LA GALLETA DE DIODORO

Creyó en virtud del absurdo, pues las conjeturas
humanas hacía mucho que se habían agotado.
Sören Kierkegaard, Temor y temblor



La Alameda del pueblo se encontraría vacía si no fuera porque a través de ella, como cucarachas sobre las paredes, cruzaban unos jóvenes entre correteos y bocinazos con sus disfraces de pirata y si en uno de sus bancos no se encontrara el joven Diodoro, de unos veinti-casi-treinta años, con una galleta sobre la palma de su mano sin la menor intención de comérsela.

Los jóvenes desaparecieron, aunque aún se les podía escuchar en la lejanía, lo que demostraba que la fugacidad de los acontecimientos tenía su resonancia y a veces se recordaban: ¿no es acaso la memoria el eco del pasado que nos martillea? ¿No es el pasado un montón de pisadas muertas, sucesiones de cadáveres? Seguro que Quevedo me contaría mucho sobre estas cosas, solamente las mentes sombrías y los seres solitarios que se hacen amigos de galletas (cuyas mentes, sea dicho de paso, no son menos sombrías) son capaces de entender tal calamidad metafísica.

A Diodoro le habían dicho más de dos veces gilipollas y por eso sabía que era inteligente y que no tenía que temer al resto de las mentes débiles y pusilánimes, carentes de valores, perdidas en un nihilismo árido y apestoso. Mientras tanto, observaba a las personas que cruzaban por las calles disfrazadas un poco aperplejado. No hacía falta ser un psicólogo o estar cuerdo para argüir que quienes se disfrazaban lo hacían de aquello a lo que querían aspirar o de aquel a quien envidiaban. Era poner un velo a la careta de todos los días. Y por eso, Diodoro, irónico, sabía con certeza absoluta que Los Hombres del Mundo no tenían un rostro verdadero, sino un careto que no se quitaban ni a la hora de dormir.
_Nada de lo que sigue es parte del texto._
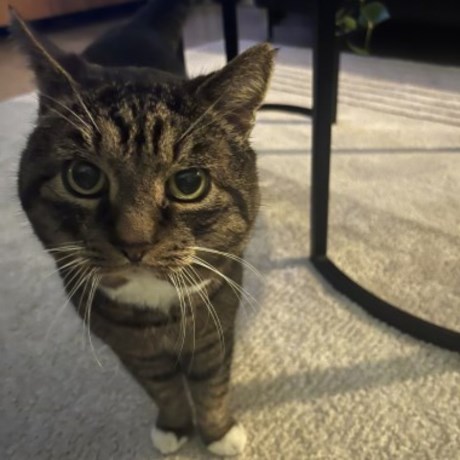 Kat Europese korthaar of huiskat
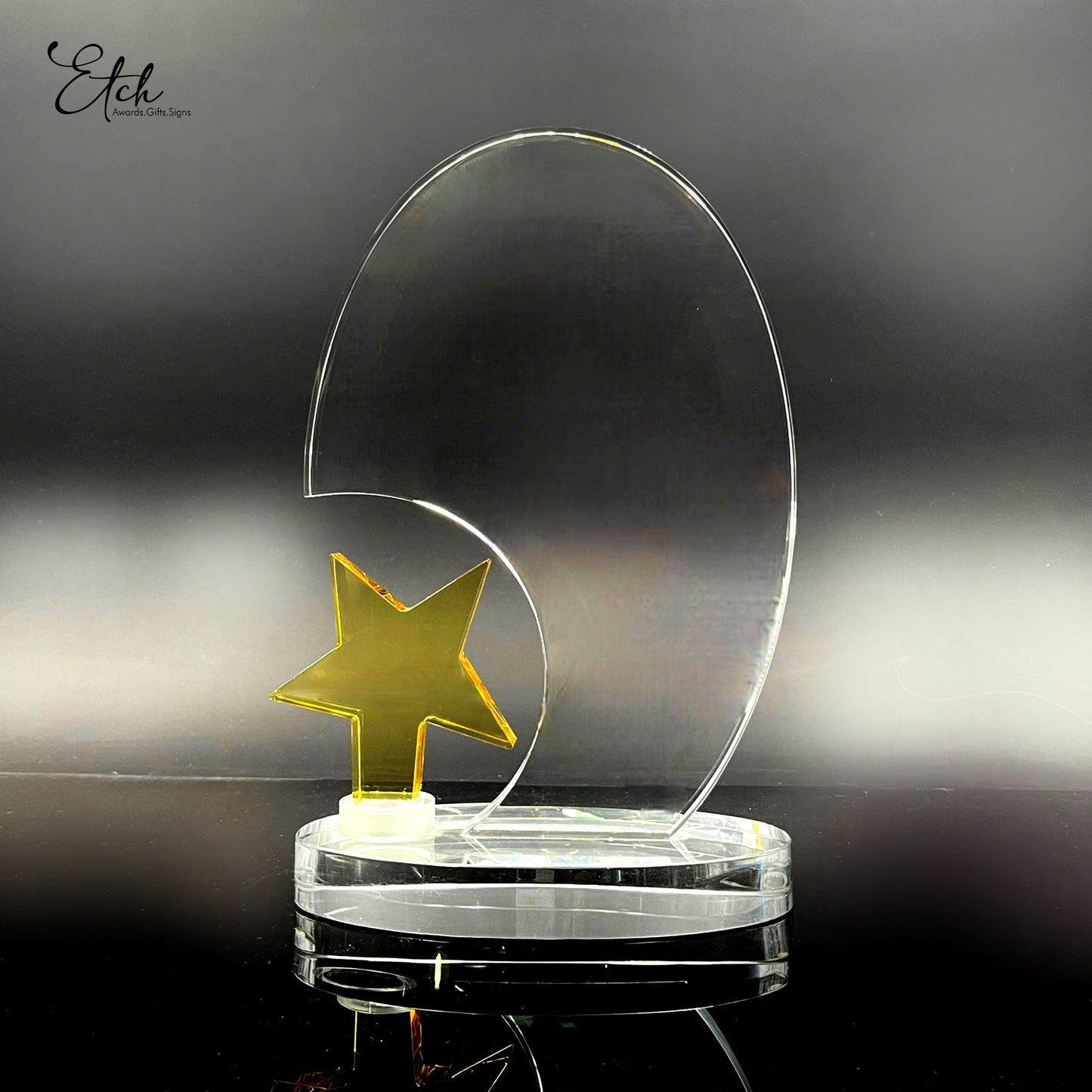 Golden Surfing Star Trophy Award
El suelo estaba sucio, el ambiente estaba perturbado por un ruido semilejano y el aroma del aire era espeso y se encontraba cargado de idioteces. Ante Diodoro el mundo se plasmaba tan decadente como una caída al vacío; para él, la humanidad solamente tenía dos destinos: el primero era ser absorbido por el retrete, el segundo ser recogido por el camión de la basura. ¿No son calamitosas las ideas que se rumiaban detrás de la frente de Diodoro? No había ser más patético en el mundo, en todo él solamente convivía la lágrima y el azufre. Decadencia, caos, barbarie… esos eran sus calificativos para la humanidad. Niños mimados, adolescentes idiotizados, padres despreocupados, profesores desquiciados haciendo el papel de padres, capitalistas agoniosos, idealistas captadores de débiles, politicuchos demagogos aprendices de cacique, curas hippies, hippies curas, estrafalarios seres en su vestimenta e ideas y que luego resultan ser unos snobs fetichistas… Diodoro tenía calificativo y despectivo para cualquiera, para él todo contenía un mal, menos su galleta, su única amiga. No creía en las personas buenas, sin embargo las malvadas le parecían más sinceras porque aunque mintieran no podían ocultar su maldad; algo que no ocurre con el bondadoso, que miente por el bien de los demás y al final consigue una calamidad mayor que el malvado, ¡serán perversos los sacerdotes e idealistas!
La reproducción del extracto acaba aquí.